[Assigned task] Each line below must be reproduced exactly, though the pictures are to be dropped.

[Source data]
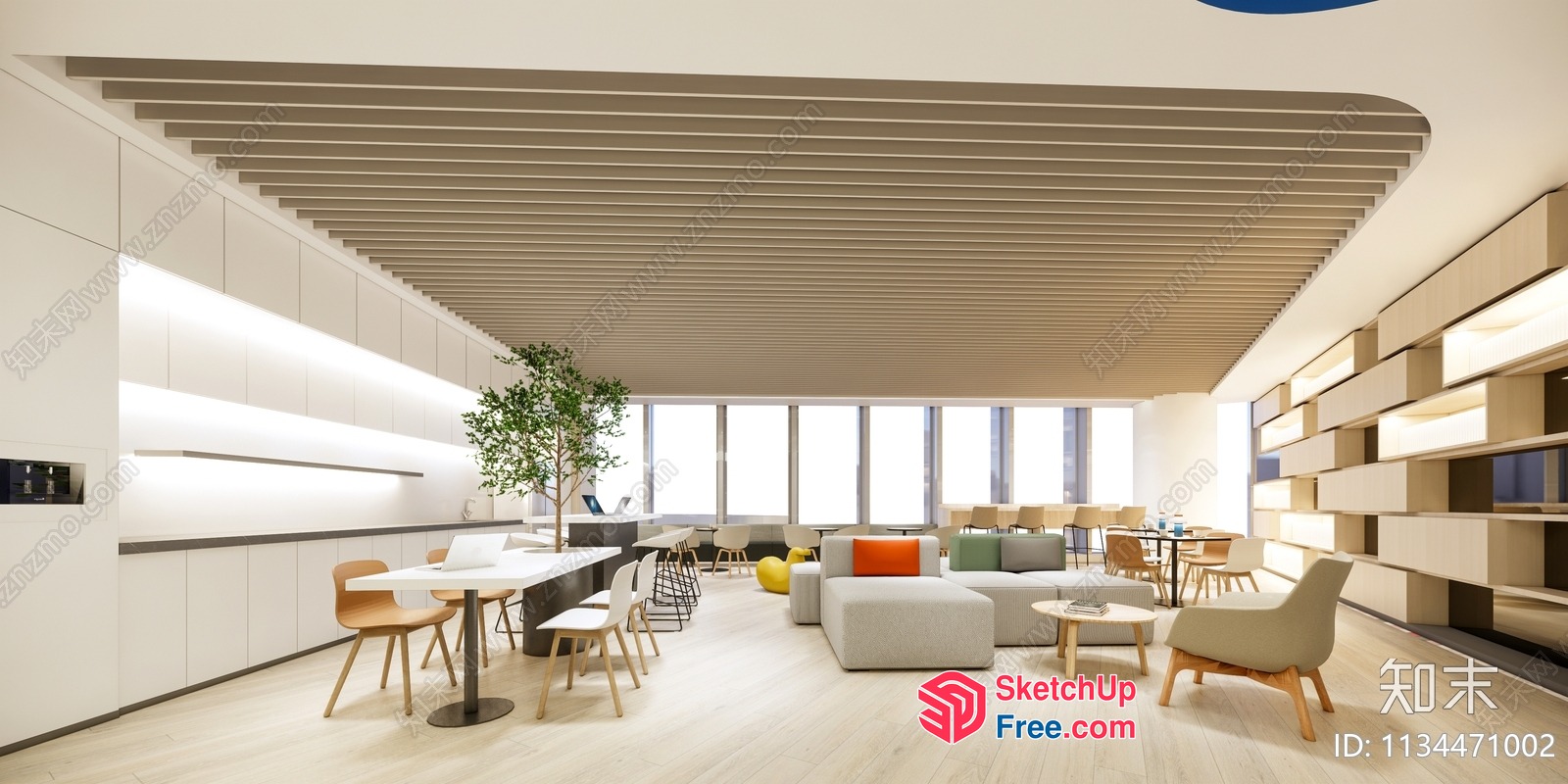 Modern Minimalist Office Space With Natural Light 3D SketchUp File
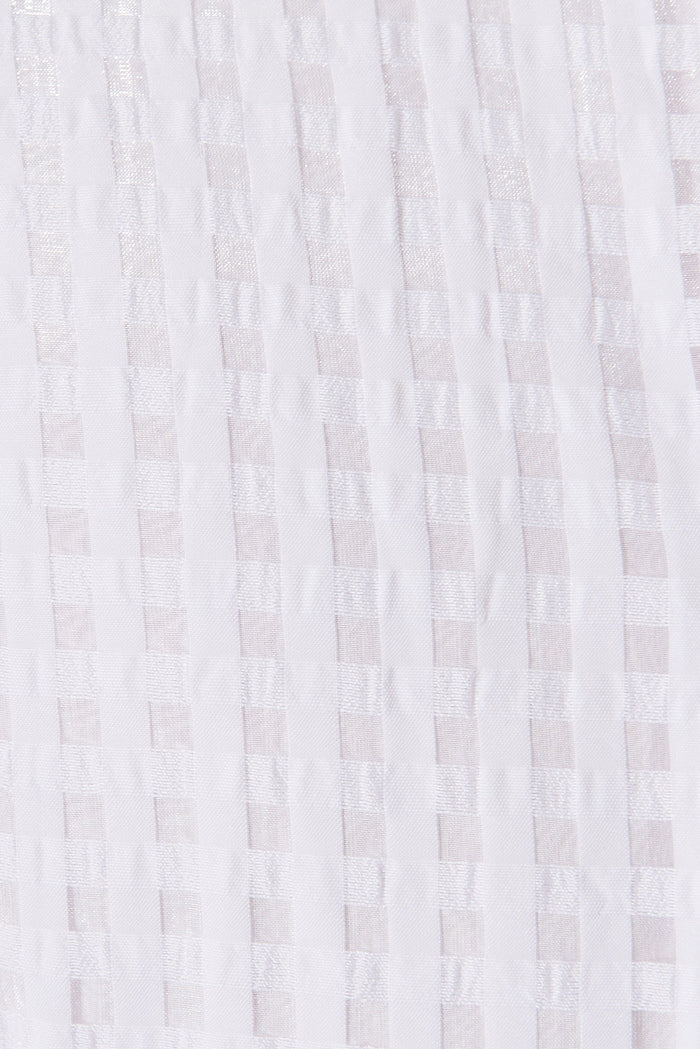 Destine Midi Dress In White Organza - fabric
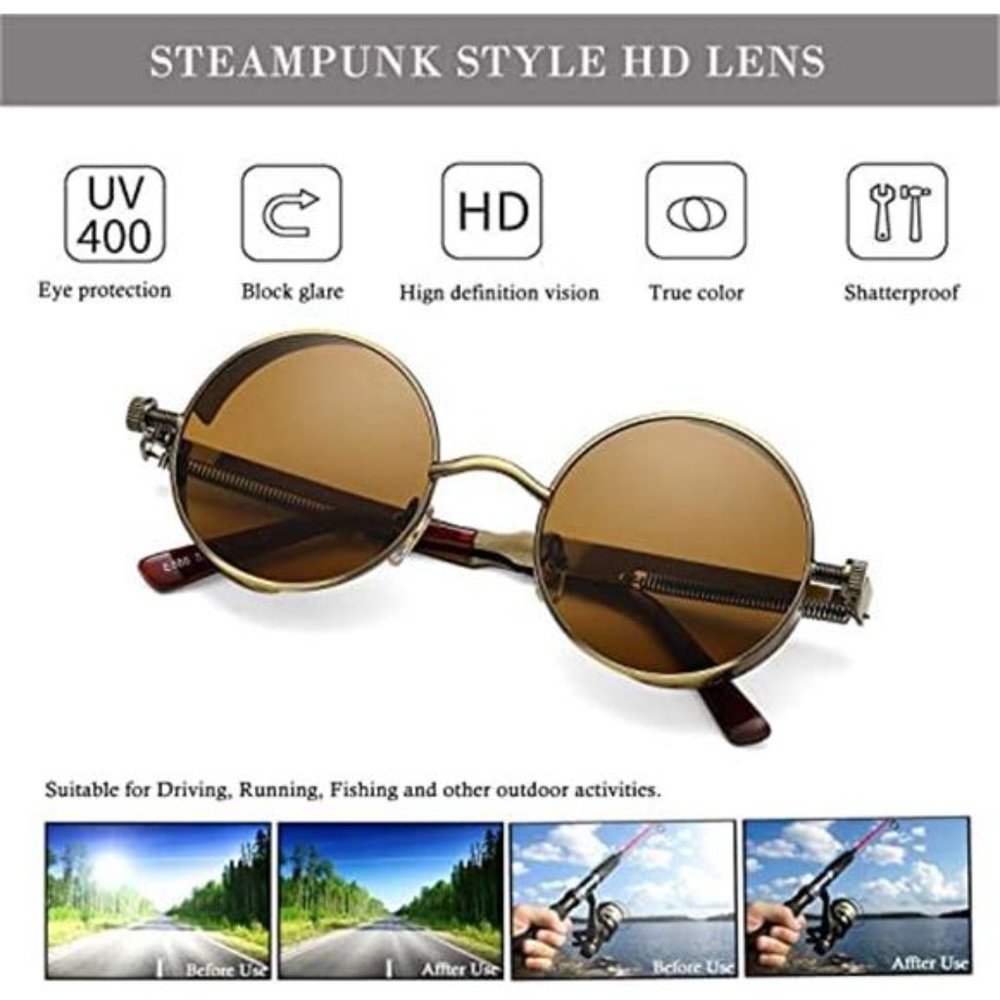 Round Steampunk Sunglasses for Women - Retro Metal Frames and UV Protection - Picture 5 of 5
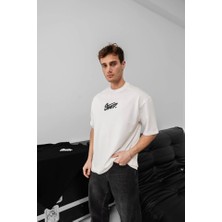 Erkek Baskılı Oversize T-Shirt - Beyaz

[Answer space]
 Modern Minimalist Office Space With Natural Light 3D SketchUp File
 Destine Midi Dress In White Organza - fabric
 Round Steampunk Sunglasses for Women - Retro Metal Frames and UV Protection - Picture 5 of 5
 Erkek Baskılı Oversize T-Shirt - Beyaz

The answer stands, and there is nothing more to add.